Current behaviour is to return an error in these cases, with the intention that we reboot the entire app. We can mitigate against such clashes with the measures outlined in #3 (comment), but this issue arises from timings which depend on the runtime, so those alone cannot guarantee that we avoid the issue.

The suggested fix is to keep track of the last action internally in the checkpointer, and to ignore conditionalcheckFailed exceptions when committing or releasing a checkpoint, if the last update is longer than the cutoff.

Note that this seems liable to reduce result in duplicates, depending on timings. Ideally we find a way to avoid those duplicates, but the strategy of throwing an error and rebooting in these cases is also liable to produce duplicates.

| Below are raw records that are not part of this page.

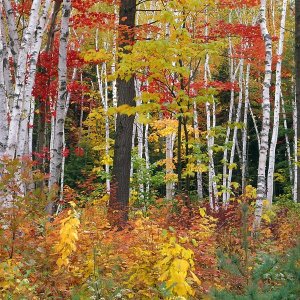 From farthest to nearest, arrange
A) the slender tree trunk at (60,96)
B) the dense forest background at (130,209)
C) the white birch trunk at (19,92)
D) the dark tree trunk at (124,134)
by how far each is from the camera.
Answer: the slender tree trunk at (60,96) → the dark tree trunk at (124,134) → the white birch trunk at (19,92) → the dense forest background at (130,209)

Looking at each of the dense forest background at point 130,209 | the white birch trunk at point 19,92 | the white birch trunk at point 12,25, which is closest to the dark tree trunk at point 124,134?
the dense forest background at point 130,209

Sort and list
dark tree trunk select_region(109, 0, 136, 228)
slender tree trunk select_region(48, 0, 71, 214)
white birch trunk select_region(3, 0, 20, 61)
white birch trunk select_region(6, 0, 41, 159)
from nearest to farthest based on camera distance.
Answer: white birch trunk select_region(6, 0, 41, 159) → white birch trunk select_region(3, 0, 20, 61) → dark tree trunk select_region(109, 0, 136, 228) → slender tree trunk select_region(48, 0, 71, 214)

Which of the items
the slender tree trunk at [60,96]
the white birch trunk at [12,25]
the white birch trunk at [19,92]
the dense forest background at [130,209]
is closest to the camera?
the dense forest background at [130,209]

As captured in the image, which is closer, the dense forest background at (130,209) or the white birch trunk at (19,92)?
the dense forest background at (130,209)

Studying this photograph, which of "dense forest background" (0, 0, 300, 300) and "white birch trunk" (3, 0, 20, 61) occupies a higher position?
"white birch trunk" (3, 0, 20, 61)

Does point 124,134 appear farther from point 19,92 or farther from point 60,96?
point 19,92

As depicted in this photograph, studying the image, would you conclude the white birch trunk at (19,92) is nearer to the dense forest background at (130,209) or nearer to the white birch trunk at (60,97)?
the dense forest background at (130,209)

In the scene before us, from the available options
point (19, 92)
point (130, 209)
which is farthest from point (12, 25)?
point (130, 209)

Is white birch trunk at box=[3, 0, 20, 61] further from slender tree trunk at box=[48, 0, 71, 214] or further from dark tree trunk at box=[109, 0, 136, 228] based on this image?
dark tree trunk at box=[109, 0, 136, 228]

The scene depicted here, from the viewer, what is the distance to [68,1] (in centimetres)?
930

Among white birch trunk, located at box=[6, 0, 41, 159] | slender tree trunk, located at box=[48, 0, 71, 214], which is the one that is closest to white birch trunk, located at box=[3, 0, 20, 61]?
slender tree trunk, located at box=[48, 0, 71, 214]

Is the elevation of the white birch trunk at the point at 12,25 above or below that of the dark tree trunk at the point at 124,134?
above

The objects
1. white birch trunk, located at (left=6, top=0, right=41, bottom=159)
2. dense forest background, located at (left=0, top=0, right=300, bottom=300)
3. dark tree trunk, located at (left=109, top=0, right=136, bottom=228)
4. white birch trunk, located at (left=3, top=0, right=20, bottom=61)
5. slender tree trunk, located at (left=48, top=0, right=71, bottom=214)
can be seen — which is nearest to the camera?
dense forest background, located at (left=0, top=0, right=300, bottom=300)

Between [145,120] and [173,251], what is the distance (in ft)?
14.9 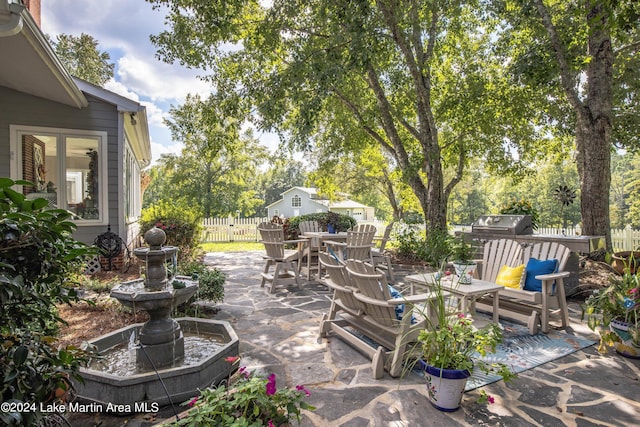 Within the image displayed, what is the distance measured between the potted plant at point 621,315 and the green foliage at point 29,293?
4151 mm

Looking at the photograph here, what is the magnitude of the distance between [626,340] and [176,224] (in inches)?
301

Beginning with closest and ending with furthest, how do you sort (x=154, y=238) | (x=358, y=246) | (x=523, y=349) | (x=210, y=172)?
1. (x=154, y=238)
2. (x=523, y=349)
3. (x=358, y=246)
4. (x=210, y=172)

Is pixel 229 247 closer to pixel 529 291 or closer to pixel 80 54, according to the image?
pixel 529 291

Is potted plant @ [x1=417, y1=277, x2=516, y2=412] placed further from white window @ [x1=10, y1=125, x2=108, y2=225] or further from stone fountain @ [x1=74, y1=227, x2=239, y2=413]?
white window @ [x1=10, y1=125, x2=108, y2=225]

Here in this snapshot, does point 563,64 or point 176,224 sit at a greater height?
point 563,64

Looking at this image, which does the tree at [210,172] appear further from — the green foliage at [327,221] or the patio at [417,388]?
the patio at [417,388]

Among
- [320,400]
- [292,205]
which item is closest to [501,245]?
[320,400]

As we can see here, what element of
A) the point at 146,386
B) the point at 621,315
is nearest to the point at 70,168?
the point at 146,386

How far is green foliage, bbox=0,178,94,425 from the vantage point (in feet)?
4.05

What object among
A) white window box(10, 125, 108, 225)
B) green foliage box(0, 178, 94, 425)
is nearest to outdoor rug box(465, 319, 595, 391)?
green foliage box(0, 178, 94, 425)

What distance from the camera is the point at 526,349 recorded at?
3410 millimetres

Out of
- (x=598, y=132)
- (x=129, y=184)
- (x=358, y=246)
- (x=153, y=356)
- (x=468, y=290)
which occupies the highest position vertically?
(x=598, y=132)

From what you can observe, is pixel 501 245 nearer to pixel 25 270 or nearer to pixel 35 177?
pixel 25 270

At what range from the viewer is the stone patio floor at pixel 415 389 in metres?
2.27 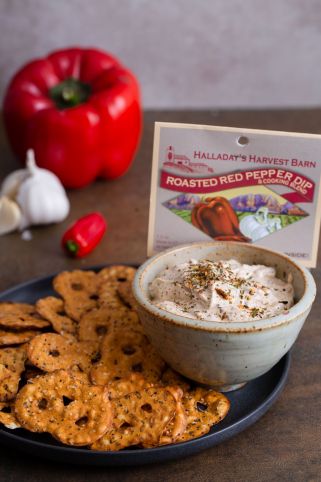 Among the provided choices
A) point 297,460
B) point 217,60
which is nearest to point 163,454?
point 297,460

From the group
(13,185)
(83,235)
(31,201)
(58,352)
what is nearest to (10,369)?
(58,352)

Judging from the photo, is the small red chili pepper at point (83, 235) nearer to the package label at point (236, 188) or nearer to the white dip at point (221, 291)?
the package label at point (236, 188)

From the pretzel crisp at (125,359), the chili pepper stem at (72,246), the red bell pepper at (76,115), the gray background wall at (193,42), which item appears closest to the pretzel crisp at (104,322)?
the pretzel crisp at (125,359)

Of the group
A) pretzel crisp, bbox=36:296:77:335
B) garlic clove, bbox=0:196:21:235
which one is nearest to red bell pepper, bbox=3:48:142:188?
garlic clove, bbox=0:196:21:235

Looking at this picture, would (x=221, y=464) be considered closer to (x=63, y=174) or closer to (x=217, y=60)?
(x=63, y=174)

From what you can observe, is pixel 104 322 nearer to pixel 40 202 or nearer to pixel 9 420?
pixel 9 420

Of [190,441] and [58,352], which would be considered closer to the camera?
[190,441] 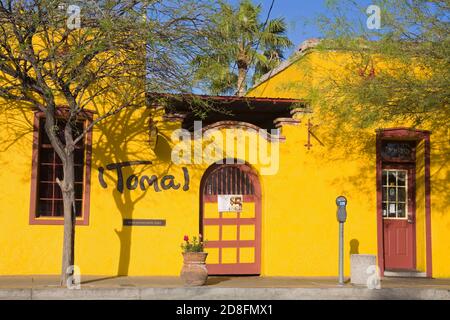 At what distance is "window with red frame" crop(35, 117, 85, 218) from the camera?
13.8 m

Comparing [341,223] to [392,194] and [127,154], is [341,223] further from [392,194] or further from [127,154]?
[127,154]

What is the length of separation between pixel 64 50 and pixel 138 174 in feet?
11.2

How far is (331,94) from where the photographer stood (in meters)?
13.2

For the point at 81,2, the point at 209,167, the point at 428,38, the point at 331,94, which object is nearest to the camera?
the point at 81,2

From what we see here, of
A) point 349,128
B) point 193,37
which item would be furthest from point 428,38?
point 193,37

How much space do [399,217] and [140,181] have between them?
617 cm

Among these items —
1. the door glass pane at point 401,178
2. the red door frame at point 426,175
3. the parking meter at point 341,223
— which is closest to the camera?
the parking meter at point 341,223

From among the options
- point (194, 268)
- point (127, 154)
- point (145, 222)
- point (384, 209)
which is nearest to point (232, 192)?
point (145, 222)

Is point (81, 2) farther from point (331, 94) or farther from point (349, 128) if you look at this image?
point (349, 128)

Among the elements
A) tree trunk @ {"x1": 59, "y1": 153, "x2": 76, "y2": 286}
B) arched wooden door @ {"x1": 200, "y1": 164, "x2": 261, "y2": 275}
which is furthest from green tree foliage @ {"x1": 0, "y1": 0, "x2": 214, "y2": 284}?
arched wooden door @ {"x1": 200, "y1": 164, "x2": 261, "y2": 275}

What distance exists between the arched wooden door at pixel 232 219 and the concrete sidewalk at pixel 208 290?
3.80ft

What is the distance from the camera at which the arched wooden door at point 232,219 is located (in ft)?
47.1

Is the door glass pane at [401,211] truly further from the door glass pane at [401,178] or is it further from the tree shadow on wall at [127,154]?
the tree shadow on wall at [127,154]

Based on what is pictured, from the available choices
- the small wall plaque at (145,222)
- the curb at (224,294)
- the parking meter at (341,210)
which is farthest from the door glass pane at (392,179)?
the small wall plaque at (145,222) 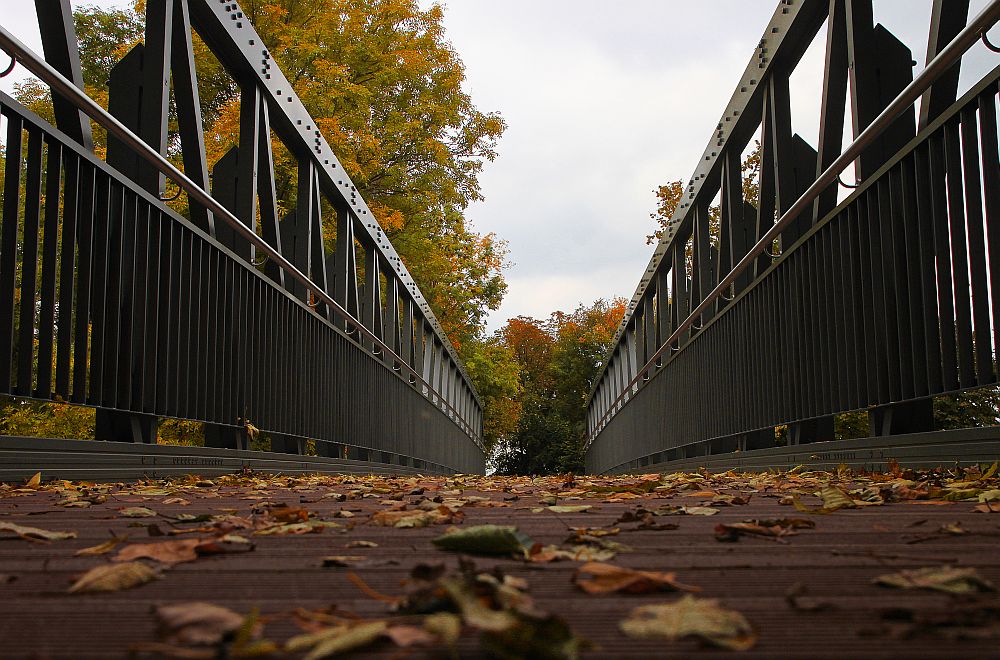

Update checkpointer to commit periodically when there's no data

When a client consumes a shard which has no data, kinsumer's behaviour is indistinguishable from the scenario where the client has hit some problem and the data is stale - another client will sieze ownership of the shard, and clients consuming empty shards will stop registering their existence in DDB. This will cause redistributions of consumers of shards.

Ideally we avoid this behaviour - while it's uncommon for shards to be empty, in low-latency use cases with scale fluctuations we can have this scenario, and it will cause a problematic amount of stopping and starting of consumers. These restarts introduce the likelihood of duplicates and other problems with shard ownership when data does start to flow again.

We can avoid it by modifying the commit() mechanism to register itself occasionally when there is no data coming from the iterator.

This, however, should only happen when we're not receiving data to push into the k.records channel. Otherwise, legitimate cases where a client is too slow, or has some other issue, won't have a chance to forcefully take ownership of the shard.

The behaviour should therefore be updated as follows:
When:

  • we have no new sequence number
    AND
  • it's been more than maxAgeForClientRecord/2 since our last commit
    AND
  • it's been more than maxAgeForClientRecord/2 since the last record was pushed to k.records

Then we should commit to DDB.

This way, ownership can change when it should, but lack of data doesn't cause issues.

Add configuration of clientRecordMaxAge

As described in #3 , to reduce the chances for ownership clashes, and to accommodate a model where we have segmented Next() from checkpointing, we should allow configuration of the clientRecordMaxAge. Default should be the pre-existing behaviour of 5*shardCheckFrequency.

Modify getClients() and shard refresh behaviour to avoid ownership clashes

On every shardChange ticker we refresh shards and asses if any ownership changes have occurred.

There are two central problems that may occur when this happens.

Firstly, refreshShards calls getClients, which returns a list of clients, filtering out clients who haven't updated the clients DDB table since maxAgeForClientRecord. As described in #3, when we have set low frequencies/maxAge values this can cause incorrect results, since the other clients may still exist, but just haven't had time to register with the table, since they will need time to process the data plus time for their shardChangeTicker to register them with the table.

We can mitigate this by adding one shardCheckFrequency to the cutoff when getting clients, which ensures that active clients have time to register with the clients table.

Secondly, refreshShards registers with the clients table, then calls getClients with that filter. Occasionally, when the cutoff is very low and the app is misbehaving (poor connection to ddb, performance issues with the overall app for example), this can cause refreshShards to update the clients table, then not return the current client when it grabs the list back from DDB. We can prevent this from possibly occurring by using the time that refreshShards started itself as the reference for when to apply the filter, rather than the time we get clients.